The thin crust in Chicago sucks and they charge $25 out here as well. Deep dish is good but it's $33 before u even add a topping and then you're over $40, it's ridiculous. I just make my own now for the most part.
Piece Pizzeria in Chicago (Wicker Park) is a very good New Haven style place run by the Jacobs brothers from Wooster Square. They were regulars at Sally's (had the secret number and everything) growing up. Highly recommended if you are in the area... and they brew some mighty fine beers as well.
 
Just looked at photos from that Tony's place in SF... Boy, I'm gonna have to brave the traffic, parking, prices, etc. and explore that. Someday.
 
Now that I think of it, I have been to some pizza parlor in North Beach, but it was long ago, don't remember if it was Tony's or not.
 
Now that I think of it, I have been to some pizza parlor in North Beach, but it was long ago, don't remember if it was Tony's or not.
Tony's is pretty famous. You'd probably know if you were there. It has a bunch of different kinds of pizzas (New York, coal fired, Detroit, Napoletana, Sicilian, etc.) on the menu and they say what degrees it is cooked at. The menu is huge.
 
Just looked at photos from that Tony's place in SF... Boy, I'm gonna have to brave the traffic, parking, prices, etc. and explore that. Someday.
I was gonna say, you absolutely should. Not sure if you checked out the menu but there’s a reason they’re consistently rated among the top in the country

Not sure if they count as north beach since they’re up on the hill on the Chinatown/Little Italy border but hey
 
I’m sorry but this is incredibly lame

Just shut up, make your apizza, and let the product speak for itself
She did the same thing over 20 years ago with Louis' Lunch and their hamburger. You're right, it's incredibly lame.
 
She did the same thing over 20 years ago with Louis' Lunch and their hamburger. You're right, it's incredibly lame.
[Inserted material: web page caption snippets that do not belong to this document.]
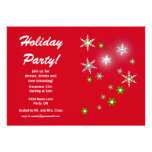 Fête de vacances de rouge d'étincelle d'étoile invitations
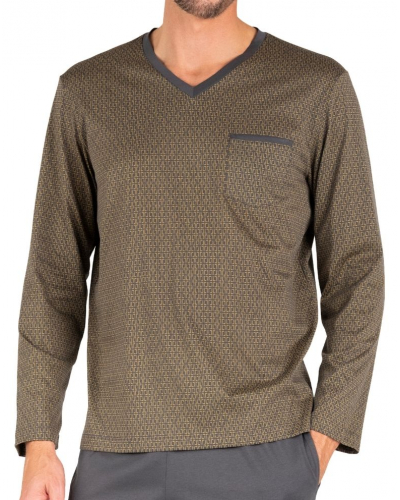 Pyjama long col V 100% coton Edition Limitée Noël Eminence (Imprimé Gold/Anthracite)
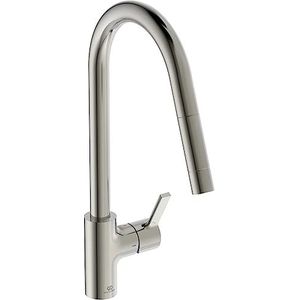 Ideal Standard - Gusto Silver Storm mengkraan voor keukenspoelbak, hoge buisuitloop met draaibare en uitneembare handdouche,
To be fair, Louis Lunch is ridiculous. A flattened meatball between wonder bread and no ketchup? The line between child and adulthood is the preference between ketchup and barbeque sauce, but for a restaurant to tell anyone what they should prefer (and for that preference to be neither), as if it compromises the integrity of the [ground beef] (IYKYK).

Get the [heck] outta here with that!!!

Besides, Ted's is a 1/2 hour closer. Every day of the week and twice on Sunday.
 
She did the same thing over 20 years ago with Louis' Lunch and their hamburger. You're right, it's incredibly lame.
I actually get that. The objective founding/invention place of anything as monumental as the hamburger is totally fine to claim for the sake of history. North Carolina gets to claim it’s the birthplace of man-made flight.

But some subjective “capital of ” claim is a total joke. Hopefully it doesn’t lead to other cringe like Chicago being the capital of hot dogs, or SD being the capital of tacos (even though it is), or SF being the capital of sushi
 
I actually get that. The objective founding/invention place of anything as monumental as the hamburger is totally fine to claim for the sake of history. North Carolina gets to claim it’s the birthplace of man-made flight.

But some subjective “capital of ” claim is a total joke. Hopefully it doesn’t lead to other cringe like Chicago being the capital of hot dogs, or SD being the capital of tacos (even though it is), or SF being the capital of sushi
Sure it's different but it's also lame, people were obviously eating hamburgers way before Louis Lassen started selling them.
 
I actually get that. The objective founding/invention place of anything as monumental as the hamburger is totally fine to claim for the sake of history. North Carolina gets to claim it’s the birthplace of man-made flight.

But some subjective “capital of ” claim is a total joke. Hopefully it doesn’t lead to other cringe like Chicago being the capital of hot dogs, or SD being the capital of tacos (even though it is), or SF being the capital of sushi
And that was stolen from CT as the Wright brothers were not the first to fly - were beaten by a group in Bridgeport... Was Connecticut First in Flight?